WHAT YOU ARE ASKED TO DO: Your output should be the line with "A bronze sundial" plus all following lines to the end of the records, exactly as written and nothing more.

┌──

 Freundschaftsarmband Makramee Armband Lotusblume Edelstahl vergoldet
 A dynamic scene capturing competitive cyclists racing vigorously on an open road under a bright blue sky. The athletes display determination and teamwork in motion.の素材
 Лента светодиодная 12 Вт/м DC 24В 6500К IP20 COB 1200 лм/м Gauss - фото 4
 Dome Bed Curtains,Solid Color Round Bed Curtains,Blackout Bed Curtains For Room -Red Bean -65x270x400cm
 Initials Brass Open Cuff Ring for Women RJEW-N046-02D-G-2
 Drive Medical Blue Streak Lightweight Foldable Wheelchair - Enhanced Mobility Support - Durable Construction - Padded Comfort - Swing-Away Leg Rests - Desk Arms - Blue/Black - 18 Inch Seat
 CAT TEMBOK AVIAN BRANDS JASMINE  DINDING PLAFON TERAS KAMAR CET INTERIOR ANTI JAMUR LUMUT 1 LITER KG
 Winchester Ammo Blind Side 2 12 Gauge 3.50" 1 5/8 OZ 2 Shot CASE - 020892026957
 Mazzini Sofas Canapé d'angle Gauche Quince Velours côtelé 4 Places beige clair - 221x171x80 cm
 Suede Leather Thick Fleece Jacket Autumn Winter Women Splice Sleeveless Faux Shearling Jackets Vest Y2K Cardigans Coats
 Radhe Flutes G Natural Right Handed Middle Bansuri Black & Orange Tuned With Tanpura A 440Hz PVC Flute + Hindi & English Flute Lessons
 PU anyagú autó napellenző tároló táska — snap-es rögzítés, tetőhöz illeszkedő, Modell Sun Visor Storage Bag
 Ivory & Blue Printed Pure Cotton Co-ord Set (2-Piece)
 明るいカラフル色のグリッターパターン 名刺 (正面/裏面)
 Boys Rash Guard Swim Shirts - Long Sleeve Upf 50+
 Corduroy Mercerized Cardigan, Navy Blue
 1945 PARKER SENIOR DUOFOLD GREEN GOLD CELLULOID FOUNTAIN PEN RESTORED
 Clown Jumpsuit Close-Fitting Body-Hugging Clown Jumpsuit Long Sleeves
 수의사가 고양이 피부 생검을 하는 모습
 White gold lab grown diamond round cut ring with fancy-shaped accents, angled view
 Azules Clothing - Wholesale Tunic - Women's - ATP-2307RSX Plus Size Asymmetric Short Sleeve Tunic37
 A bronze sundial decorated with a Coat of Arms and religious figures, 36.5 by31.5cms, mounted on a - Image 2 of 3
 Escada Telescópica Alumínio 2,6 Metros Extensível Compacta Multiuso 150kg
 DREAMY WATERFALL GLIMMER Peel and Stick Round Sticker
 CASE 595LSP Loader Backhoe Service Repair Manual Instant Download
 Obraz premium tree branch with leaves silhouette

└──

TASK OUTPUT:
 A bronze sundial decorated with a Coat of Arms and religious figures, 36.5 by31.5cms, mounted on a - Image 2 of 3
 Escada Telescópica Alumínio 2,6 Metros Extensível Compacta Multiuso 150kg
 DREAMY WATERFALL GLIMMER Peel and Stick Round Sticker
 CASE 595LSP Loader Backhoe Service Repair Manual Instant Download
 Obraz premium tree branch with leaves silhouette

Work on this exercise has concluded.